DSelect-k: Differentiable Selection in the Mixture of Experts with
Applications to Multi-Task Learning
- URL: http://arxiv.org/abs/2106.03760v2
- Date: Wed, 9 Jun 2021 15:25:04 GMT
- Title: DSelect-k: Differentiable Selection in the Mixture of Experts with
Applications to Multi-Task Learning
- Authors: Hussein Hazimeh, Zhe Zhao, Aakanksha Chowdhery, Maheswaran
Sathiamoorthy, Yihua Chen, Rahul Mazumder, Lichan Hong, Ed H. Chi
- Abstract summary: State-of-the-art MoE models use a trainable sparse gate to select a subset of the experts for each input example.

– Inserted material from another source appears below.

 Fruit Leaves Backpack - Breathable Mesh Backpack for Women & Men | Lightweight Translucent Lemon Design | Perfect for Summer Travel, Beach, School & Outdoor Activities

We develop DSelect-k: the first, continuously differentiable and sparse gate for MoE, based on a novel binary encoding formulation.
Our experiments indicate MoE models based on DSelect-k can achieve statistically significant improvements in predictive and expert selection performance.
- Score: 17.012443240520625
- License: http://arxiv.org/licenses/nonexclusive-distrib/1.0/
- Abstract: The Mixture-of-experts (MoE) architecture is showing promising results in
multi-task learning (MTL) and in scaling high-capacity neural networks.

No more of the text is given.